The Gauss-Markov theorem gives the conditions where the OLS estimator is the BLUE, and those conditions do not include normality of the residuals. When we also include that normality assumption, then we can remove the "L" and wind up with the "Best Unbiased Estimator", not just the best linear unbiased estimator (section 2.1, example 1 of the Ohio State econometrics notes).
However, if we do not make the normality assumption, then we can wind up with nonlinear estimators of the coefficients that have lower variance than the OLS estimate but are unbiased. For example, consider heavy-tailed errors and the solution given by minimizing absolute loss (quantile regression at the median), as I do here.
As you move sufficiently far away from normality, all linear estimators may be arbitrarily bad.
Knowing that you can get the best of a bad lot (i.e. the best linear unbiased estimate) isn't much consolation.
If you can specify a suitable distributional model (ay, there's the rub),
maximizing the likelihood has both a direct intuitive appeal - in that it "maximizes the chance" of seeing the sample you did actually see (with a suitable refinement of what we mean by that for the continuous case) and a number of very neat properties that are both theoretically and practically useful (e.g. relationship to the Cramer-Rao lower bound, equivariance under transformation, relationship to likelihood ratio tests and so forth). This motivates M-estimation for example.

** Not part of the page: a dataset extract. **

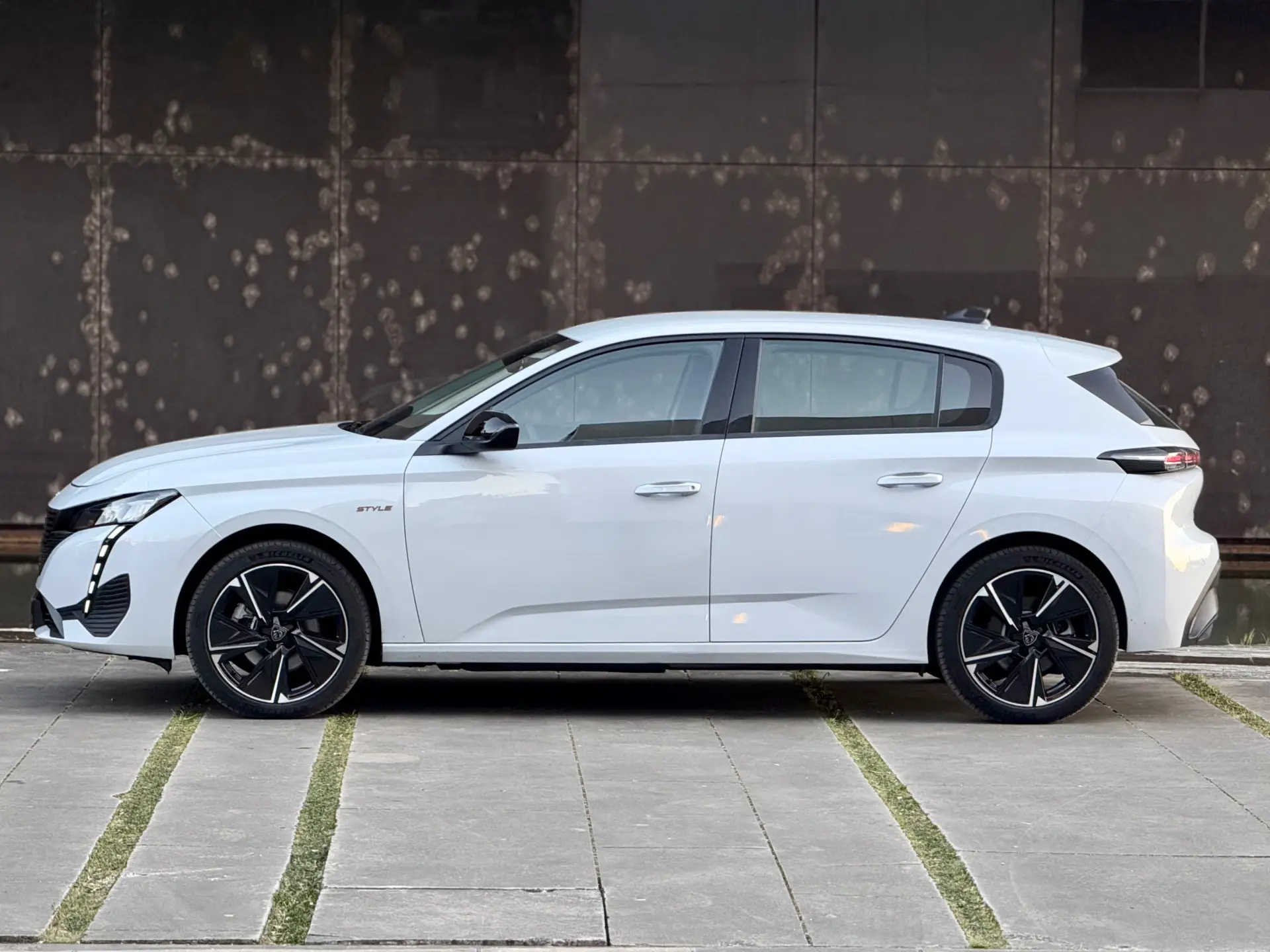 Peugeot e-308 54 kWh Style 11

Even when you can't specify a model, it is possible to construct a model for which ML is robust to contamination by gross errors in the conditional distribution of the response -- where it retains pretty good efficiency at the Gaussian but avoids the potentially disastrous impact of arbitrarily large outliers.
[That's not the only consideration with regression, since there's also a need for robustness to the effect of influential outliers for example, but it's a good initial step]

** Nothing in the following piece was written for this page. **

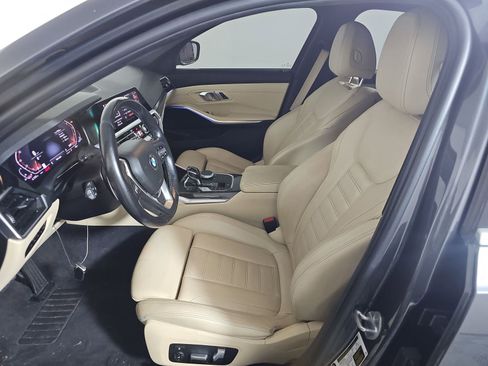 Used 2019 BMW 330i Sedan w/ Premium Package RWD image 10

As a demonstration of the problem with even the best linear estimator, consider this comparison of slope estimators for regression. In this case there are 100 observations in each sample, x is 0/1, the true slope is $\frac12$ and errors are standard Cauchy. The simulation takes 1000 sets of simulated data and computes the least squares estimate of slope ("LS") as well as a couple of nonlinear estimators that could be used in this situation (neither is fully efficient at the Cauchy but they're both reasonable) - one is an L1 estimator of the line ("L1") and the second computes a simple L-estimate of location at the two values of x and fits a line joining them ("LE").

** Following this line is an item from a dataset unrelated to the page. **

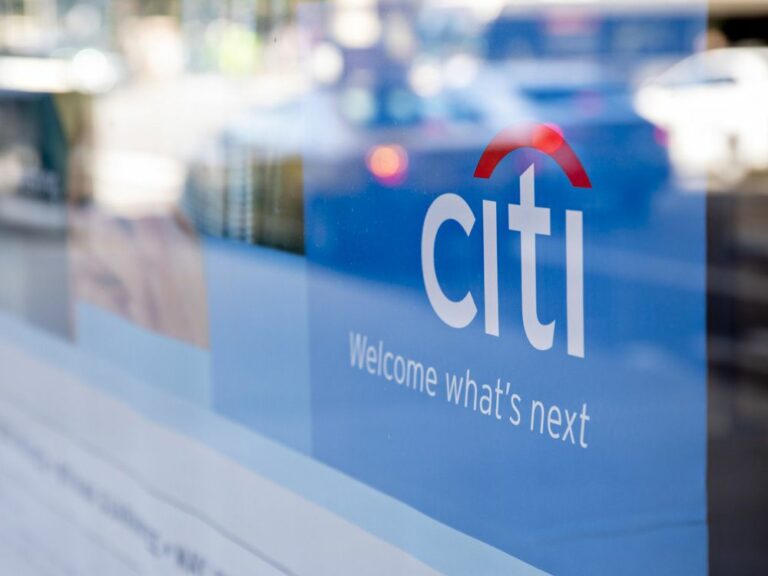 Les stratèges de Citi disent que les commerçants accumulent des paris courts sur les actions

The top part of the diagram is a boxplot of those thousand slope estimates for each simulation. The lower part is the central one percent (roughly, it is marked with a faint orange-grey box in the top plot) of that image "blown up" so we can see more detail. As we see the least squares slopes range from -771 to 1224 and the lower and upper quartiles are -1.24 and 2.46. The error in the LS slope was over 10 more than 10% of the time. The two nonlinear estimators do much better -- they perform fairly similarly to each other, none of the 1000 slope estimates in either case are more than 0.84 from the true slope and the median absolute error in the slope is in the ballpark of 0.14 for each (vs 1.86 for the least squares estimator). The LS slope has a RMSE of 223 and 232 times that of the L1 and LE estimators in this case (that's not an especially meaningful quantity, however as the LS estimator doesn't have a finite variance when you have Cauchy errors).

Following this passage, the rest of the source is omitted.